At COOP2006, Michael Buckland gave a very insightful keynote talk about the notion of "documents" and indexicality, regarding their retrieval capabilities. The discussion was around the fact that all documents are artifacts, but are all artifacts documents? He describes how documents pervade society: used in various contexts (educators, scientists, publicists, religion... lawyers and courts), people use documents as more than a just inert artifact. For instance, scientists use documents (articles, offprints) as the archive of achievement and for personal status; or educators use documents (textbooks, instructional materials) to teach, to empower and to diminish teachers. I also like this example: governments use documents to exercise social control: "to travel the passport is more powerful than I am; I could have send my passport here but then I won't be able to come over".

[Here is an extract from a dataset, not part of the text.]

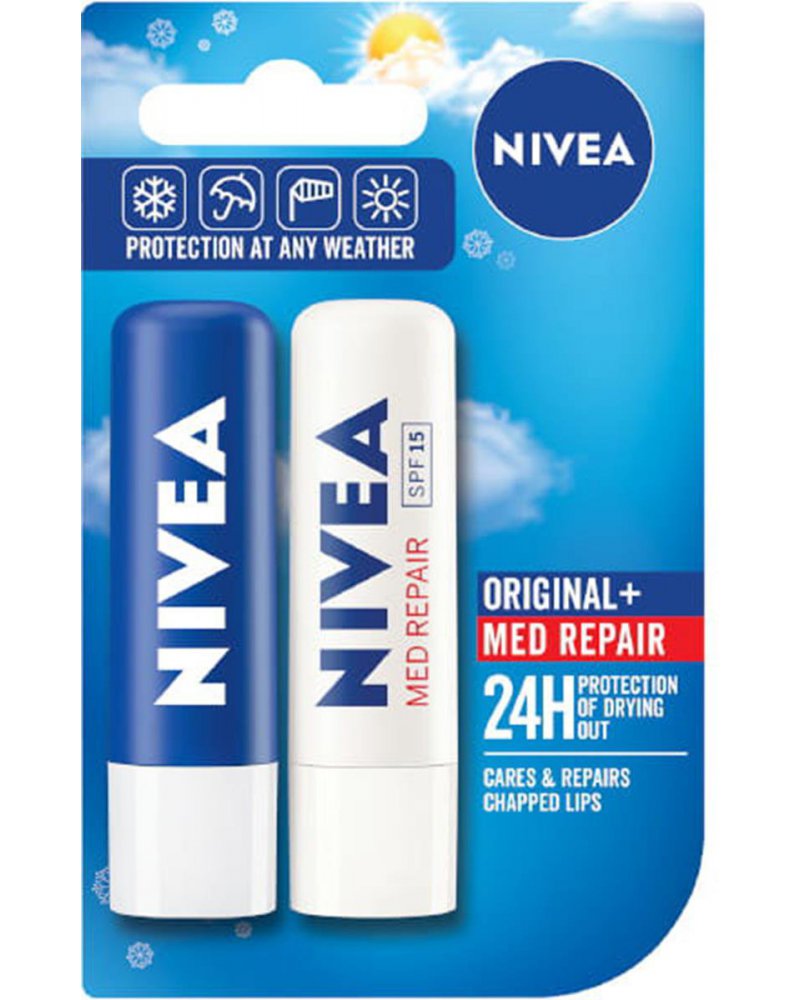 NIVEA LIP CARE DUO POMADKA OCHRONNA ORIGINAL CARE + MED REPAIR 4,8ML X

Then he highlighted the phenomenological, semiotic perspective of "documents" by referring to Suzanne Briet (1951): "[a document is] any concrete or symbolic indexical sign preserved or recorded towards the ends of representing, of reconstituting or of proving a physical or intellectual phenomenon". For example, an antelope becomes a document when somebody captures it and brought it at a museum and write an article/shoot a documentary about it, those are secondary documents. He additionally took the example of "a dead bird library": it is meant to be used by students and reseachers: dead birds are documents. It is more convenient and characteristics than a picture or a living bird. It's a document because it is a meaningful sign. You can never say that something could never be a document
There is hence a document - perceived and a document - expressed (code, language) (mode of expression: language, image, sound) (technology). The problem is when we're looking for documents: the indexing and searching problem; the problem is that each specialist express things differently: individuals from different communities need different help. In this context search engine are rather "machine a sélectionner" (selecting machines) than "search engine" so there should be different mapping: - between searcher's words and indexing systems terms - between author's words and indexing terminology - between search query and document metadata
To be efficiently selected, collections of documents need indexing, and here there are some interesting characteristics about that: - indexing is forward looking: indexing is done for a future purpose, so you're imagining the purpose of the group for which you wanted to be useful - indexing is backward looking: "about X" refers to the past discussion / dialog / description what is now named X. - indexing is inscribed in a point of time: time continues so all indexing is necessarily obsolescent. - mention (useing this word) is not meaning (having this sense) - and it's worse because language evolves differently not only in time but in different social groups: cow/sheep becomes beef/mouton in english when you move from the peasant world to the bourgeois world (from english to french).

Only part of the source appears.